"Charity!"
"Keep your voice down," she ordered.
"I'm nobody's charity," I said.
"All right. Let's not make a federal case over it. I had to tell her something," my mother said.
Still, I couldn't help but fume. She avoided my eyes. "Autumn, please show Rain some coats and a raincoat," my mother said. "She'll need a short leather jacket, too."
"As you wish, Mrs. Randolph. Rain, would you step over here?" Autumn said.
"I'm no charity case," I emphasized. My mother directed her attention to a pair of slacks and pretended not to hear.
After a coat, jacket and a raincoat were chosen for me, I was taken to the shoe department. My mother bought me boots, flats and a pair of high heels to go with my formal outfit.
"How am I going to get all this home?" I asked her.
"It will all be packed for you in luggage I'll buy and placed in the limousine. What point is there in your taking it back to... wherever and then having to pack it again?" she asked.
I had intended to show it all to Mama, but neither she nor I had any conception of how much my mother was going to buy for me.
"I can't send you to my mother's house without a decent wardrobe," she continued. "I'd only hear about it."
"So then, you a
lready told her about me?"
"Sort of," she said.
"Sort of? What does that mean?" I asked.
"It means... sort of. Why do you have to ask so many questions?" She stared for a moment and then relaxed her shoulders. "All right. My mother's a problem. She can be a terrible pain in the ass, and my sister doesn't help the situation much," she muttered.
"Did you tell her I was going to live with your mother?"
"I just told her I found someone to stay with Mom. She knows we had to do something and she doesn't want to live with her."
"Why not? It's her own mother, isn't it?"
"When you meet Victoria, you'll understand," she said, frowning.
"Don't you like her?"
"Boy, you do ask lots of personal questions, don't you?"
I stared, barely blinking. I wanted to say why shouldn't I? It's my family too, isn't it? I think she heard my thoughts.
"Look, my sister and I don't exactly see eye to eye about things. We're ... different. We have different needs. Victoria is content being single, being ...Victoria. She spent a lot of time working with my father, and she was very good at what she did and valuable to him, managing his accounts and overseeing the budgets on his projects. He was a developer. He appreciated her, but she always thought he favored me over her."
"Did he?"
She looked like she wasn't going to answer and then she smiled.

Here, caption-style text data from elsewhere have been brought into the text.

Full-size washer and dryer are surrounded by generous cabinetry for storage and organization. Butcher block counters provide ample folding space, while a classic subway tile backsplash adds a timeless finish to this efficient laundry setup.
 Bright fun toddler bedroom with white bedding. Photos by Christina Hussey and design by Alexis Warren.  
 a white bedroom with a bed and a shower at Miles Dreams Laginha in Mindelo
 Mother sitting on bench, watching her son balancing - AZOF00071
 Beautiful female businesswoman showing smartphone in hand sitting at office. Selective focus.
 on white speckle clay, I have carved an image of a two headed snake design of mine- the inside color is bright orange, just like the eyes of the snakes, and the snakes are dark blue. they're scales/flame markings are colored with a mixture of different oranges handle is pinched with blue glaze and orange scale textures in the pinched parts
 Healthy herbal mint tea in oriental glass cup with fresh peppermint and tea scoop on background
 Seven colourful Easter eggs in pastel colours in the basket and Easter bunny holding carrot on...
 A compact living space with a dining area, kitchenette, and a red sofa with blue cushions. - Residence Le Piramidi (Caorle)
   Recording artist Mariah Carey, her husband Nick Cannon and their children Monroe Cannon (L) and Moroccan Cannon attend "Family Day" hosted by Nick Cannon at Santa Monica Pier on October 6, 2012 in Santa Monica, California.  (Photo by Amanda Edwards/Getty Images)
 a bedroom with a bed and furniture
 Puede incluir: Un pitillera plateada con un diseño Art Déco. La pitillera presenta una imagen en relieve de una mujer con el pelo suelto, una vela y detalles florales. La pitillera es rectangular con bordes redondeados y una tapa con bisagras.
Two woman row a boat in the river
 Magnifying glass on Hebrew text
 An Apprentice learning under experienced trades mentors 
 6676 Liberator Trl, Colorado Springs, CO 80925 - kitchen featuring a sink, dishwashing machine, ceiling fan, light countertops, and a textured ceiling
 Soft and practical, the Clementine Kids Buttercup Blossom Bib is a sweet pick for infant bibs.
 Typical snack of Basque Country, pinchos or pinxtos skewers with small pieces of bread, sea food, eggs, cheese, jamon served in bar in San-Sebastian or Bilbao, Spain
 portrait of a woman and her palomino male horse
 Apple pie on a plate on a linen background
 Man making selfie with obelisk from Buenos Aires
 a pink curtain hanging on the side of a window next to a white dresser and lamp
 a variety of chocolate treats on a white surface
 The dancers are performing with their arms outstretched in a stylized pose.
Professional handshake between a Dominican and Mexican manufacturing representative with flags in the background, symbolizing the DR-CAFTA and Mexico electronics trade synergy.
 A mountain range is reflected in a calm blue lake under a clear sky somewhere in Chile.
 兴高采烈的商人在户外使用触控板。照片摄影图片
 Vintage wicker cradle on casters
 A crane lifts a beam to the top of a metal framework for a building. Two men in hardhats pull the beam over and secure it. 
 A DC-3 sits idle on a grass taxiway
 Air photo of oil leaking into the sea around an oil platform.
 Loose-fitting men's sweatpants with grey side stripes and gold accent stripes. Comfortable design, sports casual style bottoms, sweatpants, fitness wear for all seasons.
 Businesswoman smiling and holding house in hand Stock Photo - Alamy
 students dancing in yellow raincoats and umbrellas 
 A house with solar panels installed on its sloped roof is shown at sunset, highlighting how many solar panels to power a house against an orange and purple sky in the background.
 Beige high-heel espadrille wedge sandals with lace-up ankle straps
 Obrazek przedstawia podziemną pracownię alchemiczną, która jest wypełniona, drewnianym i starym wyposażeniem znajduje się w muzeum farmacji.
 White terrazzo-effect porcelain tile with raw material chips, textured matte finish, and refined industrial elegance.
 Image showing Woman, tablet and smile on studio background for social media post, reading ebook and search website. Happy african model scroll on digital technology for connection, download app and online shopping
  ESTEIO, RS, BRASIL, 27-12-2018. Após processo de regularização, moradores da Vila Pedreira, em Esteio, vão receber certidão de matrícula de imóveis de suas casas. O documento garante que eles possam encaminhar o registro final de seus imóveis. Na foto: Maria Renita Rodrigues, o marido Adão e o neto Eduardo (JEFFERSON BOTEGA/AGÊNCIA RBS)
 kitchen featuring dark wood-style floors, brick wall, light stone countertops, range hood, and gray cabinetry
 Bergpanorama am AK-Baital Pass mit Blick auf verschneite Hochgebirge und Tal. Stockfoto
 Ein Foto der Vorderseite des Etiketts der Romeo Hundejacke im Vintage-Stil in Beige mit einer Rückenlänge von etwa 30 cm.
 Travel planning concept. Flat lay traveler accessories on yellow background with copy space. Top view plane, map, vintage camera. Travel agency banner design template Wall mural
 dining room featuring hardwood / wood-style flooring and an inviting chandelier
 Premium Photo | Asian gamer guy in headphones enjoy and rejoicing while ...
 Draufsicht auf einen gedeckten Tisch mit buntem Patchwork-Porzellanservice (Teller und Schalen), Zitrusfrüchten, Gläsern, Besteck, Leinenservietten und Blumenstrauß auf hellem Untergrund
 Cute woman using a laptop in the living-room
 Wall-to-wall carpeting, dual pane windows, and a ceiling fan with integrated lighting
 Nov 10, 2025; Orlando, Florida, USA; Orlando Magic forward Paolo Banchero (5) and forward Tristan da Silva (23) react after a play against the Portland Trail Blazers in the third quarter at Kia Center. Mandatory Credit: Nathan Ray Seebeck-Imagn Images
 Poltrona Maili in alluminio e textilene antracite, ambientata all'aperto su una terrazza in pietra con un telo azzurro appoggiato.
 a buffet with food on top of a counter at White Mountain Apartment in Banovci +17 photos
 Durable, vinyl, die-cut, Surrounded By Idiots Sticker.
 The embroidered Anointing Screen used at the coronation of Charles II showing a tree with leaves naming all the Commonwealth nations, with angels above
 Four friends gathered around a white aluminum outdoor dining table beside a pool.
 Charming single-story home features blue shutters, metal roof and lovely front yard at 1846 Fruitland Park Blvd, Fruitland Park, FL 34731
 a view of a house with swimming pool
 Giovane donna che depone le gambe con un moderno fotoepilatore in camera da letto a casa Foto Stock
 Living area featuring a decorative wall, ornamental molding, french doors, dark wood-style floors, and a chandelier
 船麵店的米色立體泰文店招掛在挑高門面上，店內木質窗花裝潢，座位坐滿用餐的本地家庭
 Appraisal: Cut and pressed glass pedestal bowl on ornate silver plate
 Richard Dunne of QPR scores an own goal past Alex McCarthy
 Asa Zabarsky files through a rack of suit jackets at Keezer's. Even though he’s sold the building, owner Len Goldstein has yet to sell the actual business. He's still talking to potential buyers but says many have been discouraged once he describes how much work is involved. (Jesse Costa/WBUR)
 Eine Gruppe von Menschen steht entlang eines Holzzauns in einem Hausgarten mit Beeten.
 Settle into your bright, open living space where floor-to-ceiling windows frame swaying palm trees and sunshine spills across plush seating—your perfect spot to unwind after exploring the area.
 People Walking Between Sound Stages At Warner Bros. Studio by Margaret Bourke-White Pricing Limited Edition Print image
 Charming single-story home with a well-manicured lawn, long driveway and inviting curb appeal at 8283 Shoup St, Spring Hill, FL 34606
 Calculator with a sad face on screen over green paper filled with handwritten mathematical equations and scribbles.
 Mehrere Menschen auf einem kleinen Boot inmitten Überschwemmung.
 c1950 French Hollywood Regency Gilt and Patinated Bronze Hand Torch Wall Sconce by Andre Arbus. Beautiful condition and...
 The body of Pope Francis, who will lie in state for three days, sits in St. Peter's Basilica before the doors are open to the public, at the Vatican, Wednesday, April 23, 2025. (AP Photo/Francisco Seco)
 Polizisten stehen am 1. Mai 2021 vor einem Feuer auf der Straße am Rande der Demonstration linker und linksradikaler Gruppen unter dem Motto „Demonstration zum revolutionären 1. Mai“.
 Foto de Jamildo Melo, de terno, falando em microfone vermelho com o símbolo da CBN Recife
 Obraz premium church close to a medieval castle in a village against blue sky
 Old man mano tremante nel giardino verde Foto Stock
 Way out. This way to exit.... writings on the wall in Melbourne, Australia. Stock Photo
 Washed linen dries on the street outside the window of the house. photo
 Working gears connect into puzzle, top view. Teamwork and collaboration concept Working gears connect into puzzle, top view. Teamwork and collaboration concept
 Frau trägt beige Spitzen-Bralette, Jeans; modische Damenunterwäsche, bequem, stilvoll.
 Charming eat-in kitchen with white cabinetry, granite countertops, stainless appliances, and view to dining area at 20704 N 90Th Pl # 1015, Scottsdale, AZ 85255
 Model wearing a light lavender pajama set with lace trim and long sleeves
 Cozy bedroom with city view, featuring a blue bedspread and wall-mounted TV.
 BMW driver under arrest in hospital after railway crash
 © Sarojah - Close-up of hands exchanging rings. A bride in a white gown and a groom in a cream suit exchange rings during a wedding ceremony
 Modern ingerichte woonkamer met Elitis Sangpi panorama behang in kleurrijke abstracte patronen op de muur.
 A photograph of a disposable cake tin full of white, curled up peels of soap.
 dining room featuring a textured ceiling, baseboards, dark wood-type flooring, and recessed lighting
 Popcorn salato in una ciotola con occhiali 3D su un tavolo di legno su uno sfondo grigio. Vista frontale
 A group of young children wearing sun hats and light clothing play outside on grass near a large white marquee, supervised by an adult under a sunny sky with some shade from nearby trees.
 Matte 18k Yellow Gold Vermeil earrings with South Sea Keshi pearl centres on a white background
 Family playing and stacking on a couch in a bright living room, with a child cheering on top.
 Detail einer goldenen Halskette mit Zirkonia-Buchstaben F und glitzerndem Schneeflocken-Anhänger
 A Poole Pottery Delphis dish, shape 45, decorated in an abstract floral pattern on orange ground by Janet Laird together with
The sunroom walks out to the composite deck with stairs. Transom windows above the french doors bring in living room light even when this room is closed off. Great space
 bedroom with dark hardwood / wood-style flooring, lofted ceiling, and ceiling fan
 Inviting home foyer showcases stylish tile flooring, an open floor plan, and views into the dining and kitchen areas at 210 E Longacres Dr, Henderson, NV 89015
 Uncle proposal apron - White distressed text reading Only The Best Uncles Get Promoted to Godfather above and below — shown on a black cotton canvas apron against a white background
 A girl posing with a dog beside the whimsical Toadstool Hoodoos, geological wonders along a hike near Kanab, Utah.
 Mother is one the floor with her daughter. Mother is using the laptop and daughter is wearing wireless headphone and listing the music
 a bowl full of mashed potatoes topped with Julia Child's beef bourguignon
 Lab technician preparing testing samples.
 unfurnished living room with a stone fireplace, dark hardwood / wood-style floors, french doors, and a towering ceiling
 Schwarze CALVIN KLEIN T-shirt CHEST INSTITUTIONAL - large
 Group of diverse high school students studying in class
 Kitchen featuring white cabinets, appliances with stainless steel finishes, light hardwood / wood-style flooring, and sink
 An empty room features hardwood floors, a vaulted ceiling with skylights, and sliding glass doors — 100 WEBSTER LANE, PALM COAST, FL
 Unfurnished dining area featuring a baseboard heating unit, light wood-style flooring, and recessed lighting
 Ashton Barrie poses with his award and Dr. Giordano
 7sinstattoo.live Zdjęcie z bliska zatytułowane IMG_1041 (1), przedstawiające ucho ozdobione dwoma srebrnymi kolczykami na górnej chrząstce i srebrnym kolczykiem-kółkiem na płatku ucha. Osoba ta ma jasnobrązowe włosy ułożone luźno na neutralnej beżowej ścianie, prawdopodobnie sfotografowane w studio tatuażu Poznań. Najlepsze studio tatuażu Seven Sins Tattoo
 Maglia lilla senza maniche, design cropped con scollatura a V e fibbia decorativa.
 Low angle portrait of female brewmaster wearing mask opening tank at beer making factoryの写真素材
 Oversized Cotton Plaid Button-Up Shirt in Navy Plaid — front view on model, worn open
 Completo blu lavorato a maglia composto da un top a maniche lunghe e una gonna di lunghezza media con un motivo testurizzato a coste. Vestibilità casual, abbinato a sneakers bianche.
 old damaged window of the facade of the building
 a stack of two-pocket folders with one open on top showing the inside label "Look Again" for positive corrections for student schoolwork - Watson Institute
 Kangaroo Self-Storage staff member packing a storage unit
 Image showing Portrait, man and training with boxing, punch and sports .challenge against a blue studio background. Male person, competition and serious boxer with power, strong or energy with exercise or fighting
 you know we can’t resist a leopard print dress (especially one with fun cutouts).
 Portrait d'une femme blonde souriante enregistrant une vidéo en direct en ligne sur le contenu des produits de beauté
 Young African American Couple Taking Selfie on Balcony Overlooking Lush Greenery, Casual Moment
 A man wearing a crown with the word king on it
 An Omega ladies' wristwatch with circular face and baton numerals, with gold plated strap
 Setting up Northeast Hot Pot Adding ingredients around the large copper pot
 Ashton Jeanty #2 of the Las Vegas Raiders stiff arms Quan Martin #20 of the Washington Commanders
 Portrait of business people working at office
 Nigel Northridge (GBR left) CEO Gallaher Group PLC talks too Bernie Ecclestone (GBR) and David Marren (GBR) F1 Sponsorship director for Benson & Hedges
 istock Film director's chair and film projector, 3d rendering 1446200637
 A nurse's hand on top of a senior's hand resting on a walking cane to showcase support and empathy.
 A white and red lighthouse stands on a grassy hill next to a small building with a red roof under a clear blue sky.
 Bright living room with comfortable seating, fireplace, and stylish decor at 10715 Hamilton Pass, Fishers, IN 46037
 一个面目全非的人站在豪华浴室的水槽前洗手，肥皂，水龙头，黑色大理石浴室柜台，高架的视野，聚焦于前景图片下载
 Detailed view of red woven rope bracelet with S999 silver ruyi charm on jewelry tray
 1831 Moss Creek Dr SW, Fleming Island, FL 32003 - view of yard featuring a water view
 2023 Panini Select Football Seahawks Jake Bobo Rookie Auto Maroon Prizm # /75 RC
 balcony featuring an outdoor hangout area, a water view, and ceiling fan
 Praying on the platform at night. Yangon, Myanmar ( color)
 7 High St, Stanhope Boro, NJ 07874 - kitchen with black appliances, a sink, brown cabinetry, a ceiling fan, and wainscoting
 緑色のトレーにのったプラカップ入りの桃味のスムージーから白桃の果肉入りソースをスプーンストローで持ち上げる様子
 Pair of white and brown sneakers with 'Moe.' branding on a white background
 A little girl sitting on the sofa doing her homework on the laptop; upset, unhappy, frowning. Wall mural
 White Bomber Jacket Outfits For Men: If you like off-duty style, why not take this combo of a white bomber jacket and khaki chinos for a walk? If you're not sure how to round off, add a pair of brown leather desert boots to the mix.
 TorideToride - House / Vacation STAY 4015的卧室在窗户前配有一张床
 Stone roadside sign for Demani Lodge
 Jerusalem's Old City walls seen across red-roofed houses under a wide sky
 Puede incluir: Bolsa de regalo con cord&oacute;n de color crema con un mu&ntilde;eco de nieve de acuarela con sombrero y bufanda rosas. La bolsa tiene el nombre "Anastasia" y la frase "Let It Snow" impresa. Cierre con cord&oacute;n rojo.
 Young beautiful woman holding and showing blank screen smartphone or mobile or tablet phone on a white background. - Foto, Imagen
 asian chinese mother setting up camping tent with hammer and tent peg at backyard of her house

"Yes, as a matter of fact, he did. He was a real ladies' man and he wanted women to look and act like women. Victoria can come off hard, unfeminine. She's more comfortable with a balance sheet than she is with a bed sheet."
She paused and looked around.
"What else? What else?" she muttered. "Oh, let's just take a break. I need a cappuccino. Come on," she commanded and started for the elevator. "I'll call you about all this in a little while, Autumn," she sang as we walked. "Just get it all ready for packing."